Cinematographer Déwun Owusu – founder of the Dallas-based ICLASS Media Group (with clients ranging from higher education institutions to NGOs and global brands, and products that range from branded films to music videos) – was shooting a documentary in Cape Town when he found himself trapped by the international travel ban.
With his doccie on hold, Déwun booked into Little Liberty, and set about finding ways to generate local projects.
And Alison being Alison, she quickly discovered that his “true heart lay in social impact work” – so she took him to meet the social enterprise innovator, Tony Elvin.
Well-known for his work with Jamie Oliver’s Fifteen Foundation (a social enterprise that concentrates on the transfer of cheffing skills) Tony Elvin is the Jamaican-British founder of the NPC, iKhaya le Langa, in Cape Town’s Langa Quarter.
According to his LinkedIn profile, “Using PPP principles and sustainable business tourism, the vision behind this hugely ambitious undertaking (the Langa Quarter) is to regenerate what is the ‘oldest black township in the whitest city in Africa’ – creating the first multiracial social destination in a black suburb.”
Situated in a disused school, iKhaya le Langa is the Quarter’s tourism hub and sustainable tourism development project.
But, of course, there wasn’t any tourism happening during lockdown, so Tony initiated the Lockdown Lunch Club, which led a group of young, socially displaced youth to begin feeding their families – cooking for them at iKhaya Le Langa, and delivering their meals to their doors.
It was a success from the start: instead of being forced to hustle on the streets for food while risking military arrest, the young men became volunteers with a mission.
And that was the point at which Alison introduced Déwun to Tony.
Lockdown Lunch Club: the documentary
Déwun was hooked immediately.
“He assembled a local, aspirant film crew, and we spent four days filming,” said Alison.
The result was a 4-minute fundraising video for iKhaya Le Langa – which you can watch on YouTube (you’ll come away feeling SO inspired) – as well as a a documentary tour of the iKhaya le Langa Social Enterprise Precinct, three short clips for use on social media, and a 23-minute, made-for-TV documentary that has now been selected for screenings at the International Arts Film Festival in London, the Capital City Black Film Festival in Austin, Texas, the Miami Independent Film Festival, and the Docs Without Borders Film Festival in Delaware.
In his voiceover on the fundraising video, Tony Elvin says, “The Lockdown Lunch Club is part of a bigger piece.

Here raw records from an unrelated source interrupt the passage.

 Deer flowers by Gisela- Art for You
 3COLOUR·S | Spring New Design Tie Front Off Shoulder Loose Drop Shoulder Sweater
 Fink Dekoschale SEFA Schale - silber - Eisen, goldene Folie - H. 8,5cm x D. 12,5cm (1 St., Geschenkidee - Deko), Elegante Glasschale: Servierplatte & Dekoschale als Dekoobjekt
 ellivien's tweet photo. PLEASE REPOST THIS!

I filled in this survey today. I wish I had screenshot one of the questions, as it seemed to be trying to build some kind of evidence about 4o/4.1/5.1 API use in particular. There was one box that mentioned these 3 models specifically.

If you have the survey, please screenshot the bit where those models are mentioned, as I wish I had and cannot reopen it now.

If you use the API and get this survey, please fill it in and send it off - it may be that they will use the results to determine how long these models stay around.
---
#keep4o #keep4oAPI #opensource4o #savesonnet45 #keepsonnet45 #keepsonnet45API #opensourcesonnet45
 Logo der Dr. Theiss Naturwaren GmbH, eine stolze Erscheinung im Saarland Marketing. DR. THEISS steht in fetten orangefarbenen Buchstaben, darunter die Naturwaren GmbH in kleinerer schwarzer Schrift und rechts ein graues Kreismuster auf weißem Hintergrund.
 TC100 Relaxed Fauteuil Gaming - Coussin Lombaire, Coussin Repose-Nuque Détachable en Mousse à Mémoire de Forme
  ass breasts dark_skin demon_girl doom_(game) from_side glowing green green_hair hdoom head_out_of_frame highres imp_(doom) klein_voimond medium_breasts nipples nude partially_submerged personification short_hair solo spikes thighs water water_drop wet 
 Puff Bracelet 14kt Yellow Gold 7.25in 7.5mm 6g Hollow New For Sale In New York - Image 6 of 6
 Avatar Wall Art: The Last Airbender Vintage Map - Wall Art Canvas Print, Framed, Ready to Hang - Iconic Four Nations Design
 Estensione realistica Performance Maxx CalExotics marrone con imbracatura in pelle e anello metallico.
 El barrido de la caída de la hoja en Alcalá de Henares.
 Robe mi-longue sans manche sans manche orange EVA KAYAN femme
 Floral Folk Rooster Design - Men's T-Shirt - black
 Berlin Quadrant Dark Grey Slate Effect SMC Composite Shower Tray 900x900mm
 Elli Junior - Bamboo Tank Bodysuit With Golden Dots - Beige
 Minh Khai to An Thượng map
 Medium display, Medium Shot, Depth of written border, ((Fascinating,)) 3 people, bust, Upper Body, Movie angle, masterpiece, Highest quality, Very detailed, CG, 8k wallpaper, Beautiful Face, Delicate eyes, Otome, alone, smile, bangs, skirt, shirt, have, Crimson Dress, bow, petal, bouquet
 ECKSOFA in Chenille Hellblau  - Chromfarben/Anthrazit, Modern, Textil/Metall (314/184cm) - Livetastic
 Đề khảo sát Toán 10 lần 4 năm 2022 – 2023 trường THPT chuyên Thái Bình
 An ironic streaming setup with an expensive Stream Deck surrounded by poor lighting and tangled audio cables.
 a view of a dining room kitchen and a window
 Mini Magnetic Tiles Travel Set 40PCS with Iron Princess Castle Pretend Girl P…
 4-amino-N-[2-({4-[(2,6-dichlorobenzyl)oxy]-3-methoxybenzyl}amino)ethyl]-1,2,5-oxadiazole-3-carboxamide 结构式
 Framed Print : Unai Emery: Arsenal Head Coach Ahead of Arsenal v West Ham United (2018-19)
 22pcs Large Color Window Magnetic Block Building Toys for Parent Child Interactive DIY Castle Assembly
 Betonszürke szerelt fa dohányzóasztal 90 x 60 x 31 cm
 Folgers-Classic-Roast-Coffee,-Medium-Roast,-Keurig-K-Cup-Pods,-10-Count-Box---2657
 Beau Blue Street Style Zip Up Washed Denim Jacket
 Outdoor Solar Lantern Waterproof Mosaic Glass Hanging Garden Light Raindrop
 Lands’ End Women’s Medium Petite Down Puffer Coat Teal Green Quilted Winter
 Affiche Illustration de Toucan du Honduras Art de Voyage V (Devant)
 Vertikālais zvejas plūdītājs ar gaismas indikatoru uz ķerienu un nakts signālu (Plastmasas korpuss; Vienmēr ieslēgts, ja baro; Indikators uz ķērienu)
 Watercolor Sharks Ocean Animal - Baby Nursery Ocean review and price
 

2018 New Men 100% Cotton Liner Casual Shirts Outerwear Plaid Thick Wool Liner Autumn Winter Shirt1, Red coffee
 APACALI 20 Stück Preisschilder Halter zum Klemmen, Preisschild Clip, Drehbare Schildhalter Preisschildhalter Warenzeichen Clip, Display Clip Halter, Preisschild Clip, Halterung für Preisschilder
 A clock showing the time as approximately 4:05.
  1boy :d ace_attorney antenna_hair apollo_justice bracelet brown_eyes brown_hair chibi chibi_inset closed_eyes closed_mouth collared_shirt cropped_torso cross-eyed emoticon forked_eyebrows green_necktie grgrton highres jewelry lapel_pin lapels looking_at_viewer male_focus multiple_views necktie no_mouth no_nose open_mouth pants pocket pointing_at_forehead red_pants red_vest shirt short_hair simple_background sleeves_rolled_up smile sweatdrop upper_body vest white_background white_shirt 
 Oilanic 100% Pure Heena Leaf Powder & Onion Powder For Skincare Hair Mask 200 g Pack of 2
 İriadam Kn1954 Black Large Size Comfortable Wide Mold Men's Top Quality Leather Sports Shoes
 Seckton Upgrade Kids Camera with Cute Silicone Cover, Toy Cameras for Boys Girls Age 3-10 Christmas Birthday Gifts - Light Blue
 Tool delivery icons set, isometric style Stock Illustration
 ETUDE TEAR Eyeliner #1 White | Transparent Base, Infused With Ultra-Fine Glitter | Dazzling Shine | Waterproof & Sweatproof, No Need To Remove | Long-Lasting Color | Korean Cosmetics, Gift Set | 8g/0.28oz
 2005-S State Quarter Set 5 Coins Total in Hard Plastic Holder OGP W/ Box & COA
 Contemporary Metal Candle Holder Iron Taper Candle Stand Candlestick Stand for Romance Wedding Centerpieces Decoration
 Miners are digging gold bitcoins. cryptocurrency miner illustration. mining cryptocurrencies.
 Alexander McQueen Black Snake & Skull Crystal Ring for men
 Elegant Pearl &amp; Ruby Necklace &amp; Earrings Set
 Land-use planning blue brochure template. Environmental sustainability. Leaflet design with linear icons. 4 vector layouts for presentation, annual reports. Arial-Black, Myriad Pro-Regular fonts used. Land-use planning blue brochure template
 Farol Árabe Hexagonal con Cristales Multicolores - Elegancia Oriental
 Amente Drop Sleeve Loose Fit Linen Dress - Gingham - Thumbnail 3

This organisation is attempting to unlock the potential of this amazing community.”
One challenge, he says, is the position of socially-excluded males.
“All the other NGOs were taking care of the old people, of the disabled people, the child-headed households… But this group of men… I think if you don’t find ways of bringing them into the tent, they will burn the tent down.”
The idea, he said, is to transition from the Lockdown Lunch Club to the more permanent 100 Club, “to keep the fifty or so people that we’re feeding, and grow that process because I think, with a hundred men, we can move a mountain.”
There’s no doubt that this powerful nascent movement will receive a massive boost from Déwun Owusu’s documentary – in fact it already has: just watch how excited the youngsters are in the videos they’ve made about the film’s acceptance onto the festival programmes on their Facebook Page (iKhaya Le Langa).
But Alison says this is just the start.
“A number of beneficiaries of the Global Education Movement, which offers degree courses to refugees and immigrants from five African countries, have already been offered internships at iKhaya le Lange, and an opportunity has arisen for the youth of LAPD (the Langa-Athlone-Pinelands District) to feature on TedXYouth – all thanks to Déwun’s dedication and enthusiasm,” she said.
But let’s never forget that it began when Alison von During took the time to ask her Airbnb guest what fired him up.
“I love and invest in every guest, no matter if they are here to achieve their bucket list or here on a specific mission,” she said.
“I see it as my devout responsibility to provide my guests with their best possible take-home experience.”
And that, of course, is the power of tourism.